Post by Guest on Wed 09 Nov 2016, 16:14

Veterans honoured at Sydney Academy Remembrance service

Nancy King
Published on November 09, 2016

Canadian Army veteran Ron Clarke of Georges River, who gained national exposure in the fight to reopen the Sydney Veterans Affairs office, served as guest speaker during the school’s annual Remembrance Day service Wednesday.

SYDNEY — If you really believe in something, you have to be willing to fight for it.

That was the message that Ron Clarke, a 36-year veteran with the Canadian Army, left with students at Sydney Academy Wednesday, where he served as guest speaker for the school’s annual Remembrance Day service.

Clarke embodied that philosophy as he and other Cape Breton veterans attempted to fight the former Conservative government’s decision to close Veterans Affairs offices, including the office in Sydney.

Clarke noted the high-profile fight made him a bit of a television star in Cape Breton.

“If you feel you are right, don’t give up, fight for what you believe in and hopefully you’ll succeed,” the North Sydney native and resident of Georges River said.

Clarke and other local veterans who fought the closure of the offices and rallied the public in support of the cause won a commitment from the Trudeau government to reopen the offices and Sydney-Victoria MP Mark Eyking noted in his remarks that the office’s opening is planned for Thursday.

In his lengthy career with the Canadian forces, Clarke was posted to locations including Germany, Cyprus, the Northwest Territories and Namibia.

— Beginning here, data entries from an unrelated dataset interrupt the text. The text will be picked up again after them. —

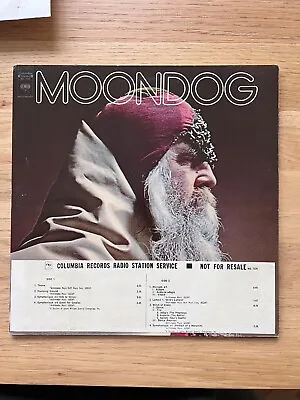 MOONDOG - Moondog PROMO LP (outsider Freak Acid) • $124.46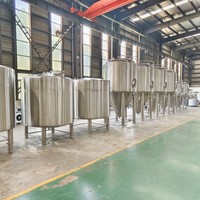 1000L SUS304 de qualité alimentaire sucre herbe jus Fermentation chauffage/refroidissement réservoir de mélange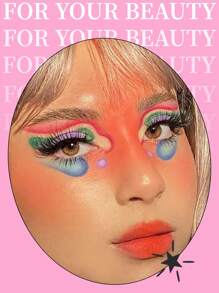 7 Paar 3D Stereo Kreuz Wimpern, natürliche falsche Wimpern mit Kreuz-Design, 20mm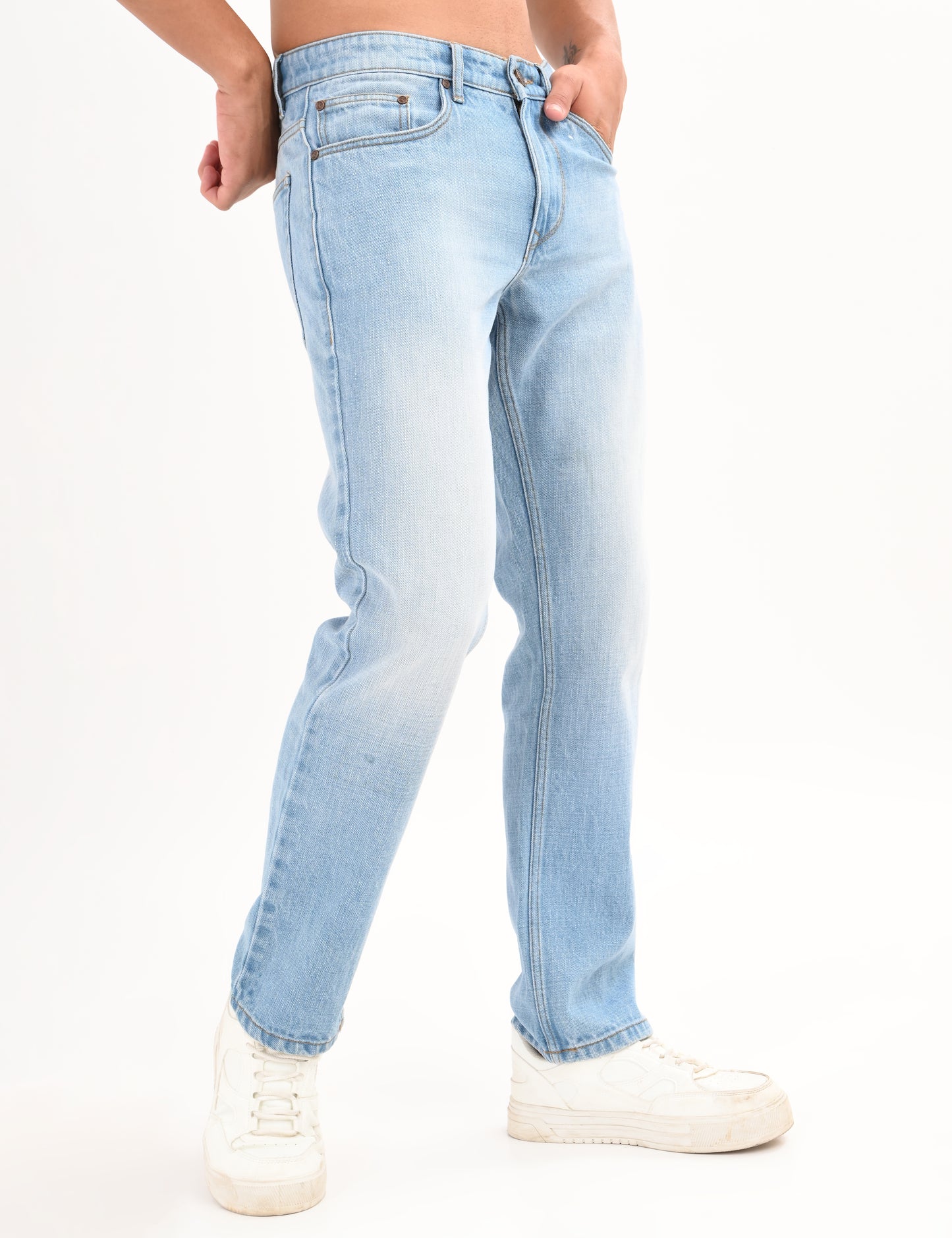 Mild Blue- Premium Straight Fit Denim Jeans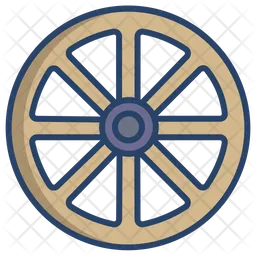 Wagon Wheel  Icon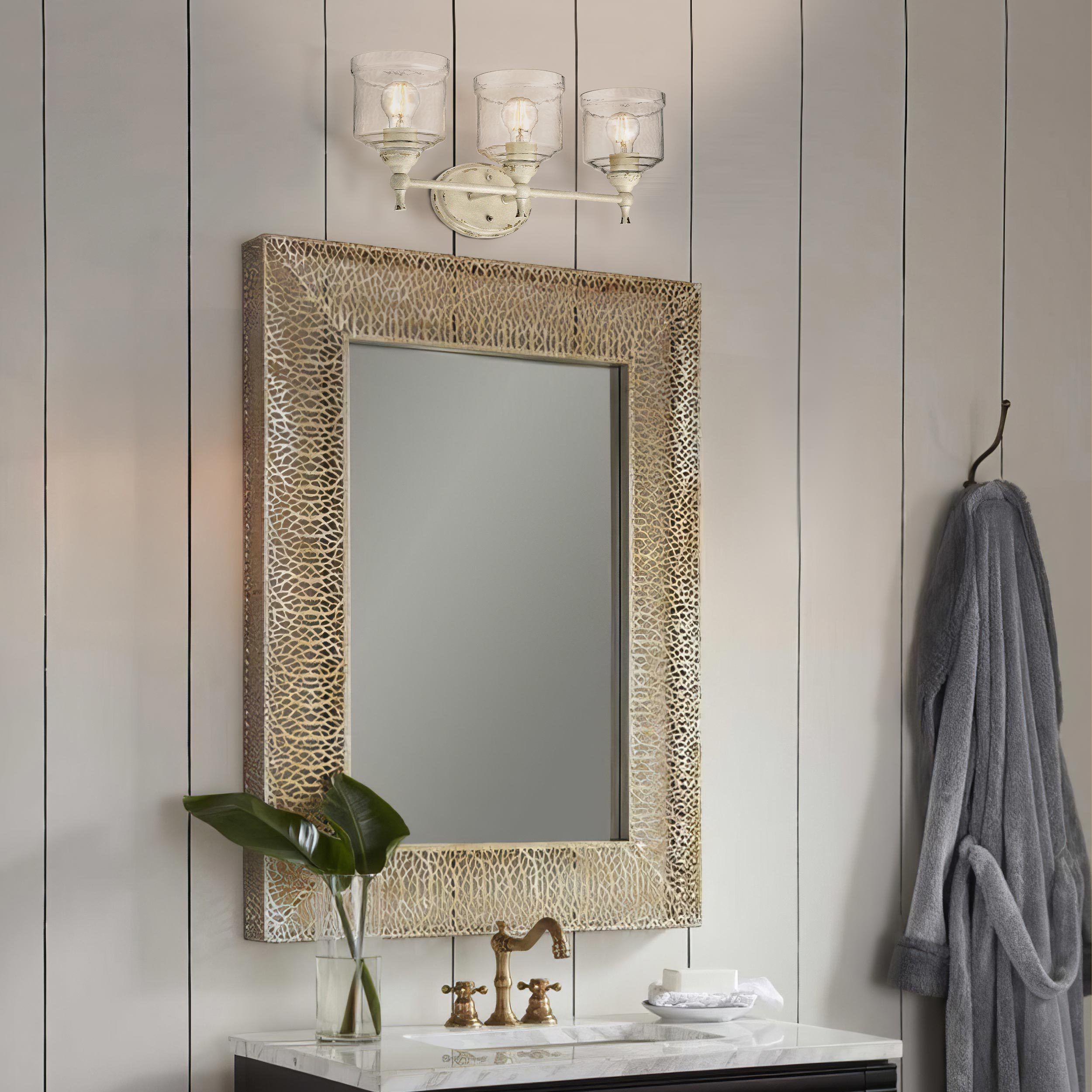 Keating Vanity Wall Light in Antique Ivory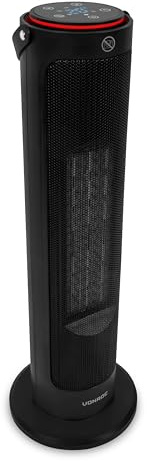 VONROC Elektrisk tornfläkt – 2000W – Keramisk – ECO-läge – Roterationsfunktion – LED display – Inkl. fjärrkontroll – termostat - timer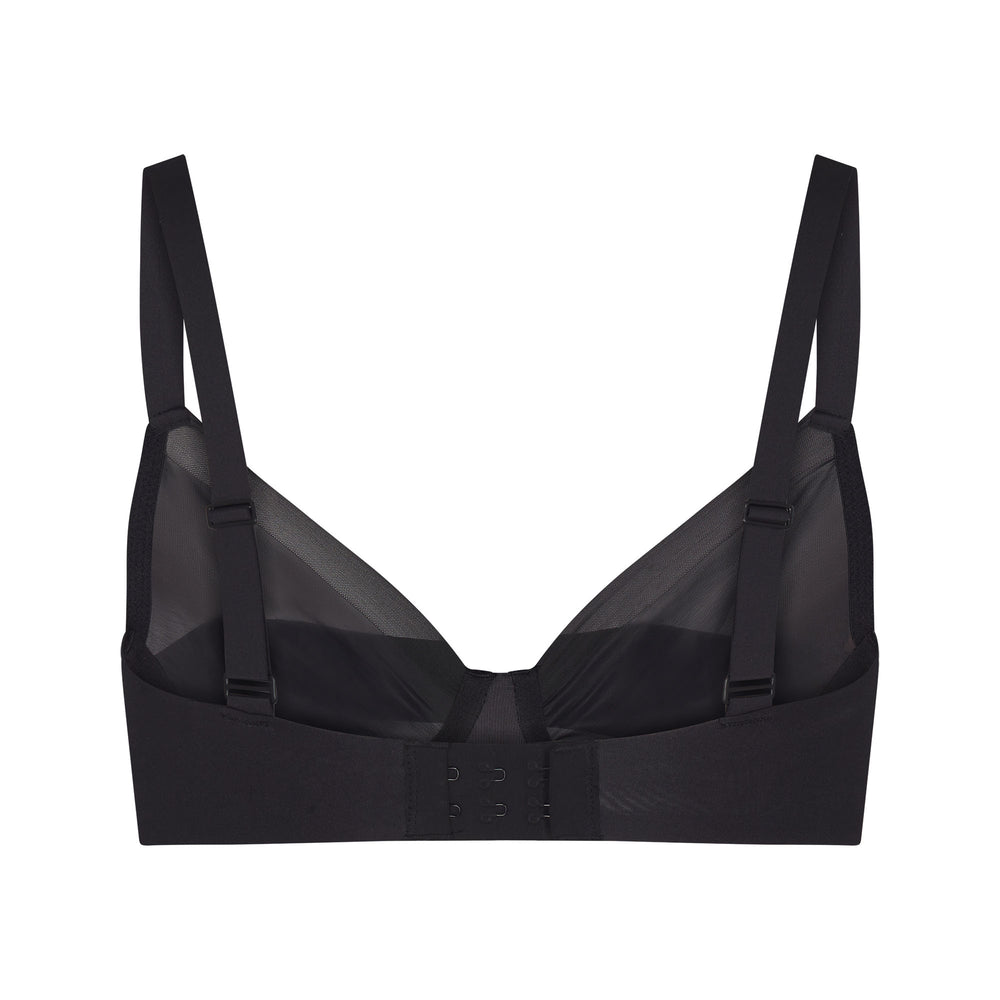 Skims NO SHOW MOLDED UNLINED Demi Bra Čierne | RUAX-57806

While he described them as the best years of his life, Clarke said it was his experiences while he was stationed in Vietnam that eventually led to his diagnosis with post-traumatic stress disorder in 2002, 10 years after his retirement.

He noted that, in order to appear at the ceremony, it was necessary for him to take medication to treat the disorder.

“I saw many young children who never had the opportunity to get the education you’re getting,” Clarke said, noting they were living in metal shacks without clean water and with little food.

“Those things affected me.”

Eyking noted that not far away from the school in Open Hearth Park, a line of 128 Canadian flags is flying, with each flag representing 1,000 Canadians who gave up their lives in the fight for freedom and democracy.

“We should always take care of veterans when they come home,” he said, noting many do so with broken bodies and with emotional problems as a result of their experiences.

“May we always remember the sacrifice.”

Students at the school staged a dramatic presentation of “In Flanders Fields.” In what is an annual ritual at the high school’s service, tribute was also paid to the “fallen heroes” of Sydney Academy — people who attended the school that paid the ultimate sacrifice in service of Canada.

It was noted that many of those who were remembered were the same age as the students themselves when they served.

Royal Canadian Legion Branch 138 in Ashby also served as guest legion during the Sydney Academy ceremony.